Короче, все случаи моих конфликтов с водной стихией и не упомнишь. Что все они означают? Почему их так много? Зачем Судьба раз за разом пугает меня одним из самых мучительных и гадостных видов смерти - утоплением? Я видел на своём веку двух-трёх утопленников - жутче, безобразнее и унизительнее смерти. Природа не придумала. Во что превращается царь природы, когда он поплавает в воде несколько дней, недель, месяцев?! Мне кажется, что душа моя в прежних своих земных воплощениях испытала уже однажды этот ужас - ужас подводной удушливой смерти.

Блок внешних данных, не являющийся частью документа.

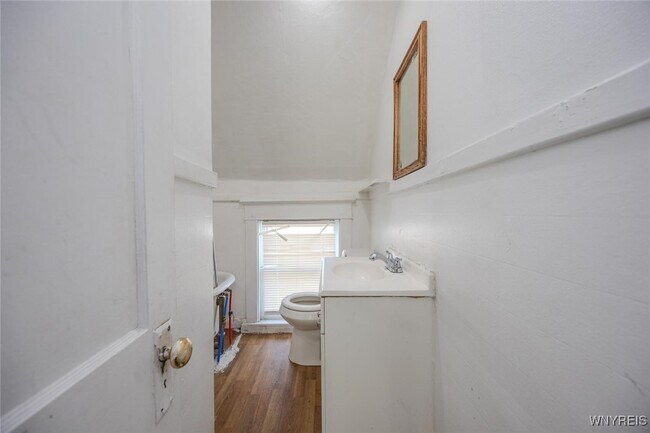 Building Photo - 2146 Genesee St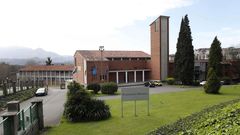El colegio Fundaci�n Masaveu de Oviedo ha suspendido las clases tras el positivo por coronavirus de uno de sus docentes, ante la necesidad de estudiar la posible cadena de transmisi�n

И вот ещё что странно. Моя мать, Анна Николаевна Клушина, не любила водную стихию. Никогда, на моей памяти, не купалась она, никогда даже не загорала и, живя буквально в ста метрах от речки, бывала на берегу изредка, по необходимости: бельишко прополоснуть или зачерпнуть ведро воды - помыть голову в банный день. Откуда, почему в ней угнездилось равнодушие к воде? А может быть, то была неприязнь? Я чувствую какую-то подспудную связь между этим неприязненным отношением матери к воде и враждебным, в свою очередь, отношением воды ко мне. Дай-то Бог умереть мне, когда подступит срок, по-иному - без захлёба, судорог, посинения и безобразного мерзкого вздутия...

Итак, случались и случались со мною в детстве приключения, которые доставляли матери столько радости, что приходилось ей каждый раз пить валерьянку чуть не стаканами. Известно, все страдания на земле человек претерпевает не по своей прихоти - душа требует очищения. Но вот вопрос: бессчётные страдания, доставляемые матерям детьми, - в чём их умысел? А что значат страдания ребёнка, видящего страдания матери, которая страдает из-за него?.. Хотя, в эти философические дебри только забреди - не выберешься.

Несчастья всегда случаются нежданно, падают камнем с неба. Разгар веселья в детском садике. Мне на минуту достаётся трёхколесный велосипед. Я тороплюсь, спешу - вeлика всего два на всю ораву. Хочется-жаждется скорости, полёта. Я втаскиваю велосипед на пригорок, сажусь в седло и - вниз. У-у-ух, вот так да! Свист в ушах, мелькание лиц и тел. Все - мимо, мимо. Трах! Бах! Небо опрокидывается, земля жёстко бьёт меня в плечо, по лбу. В правую руку, чуть ниже локтя, впивается клыками неведомый зверь, жалит болью. Я с маху, с лёту, оказывается, наделся рукой на острие камня, торчащего пирамидой из земли.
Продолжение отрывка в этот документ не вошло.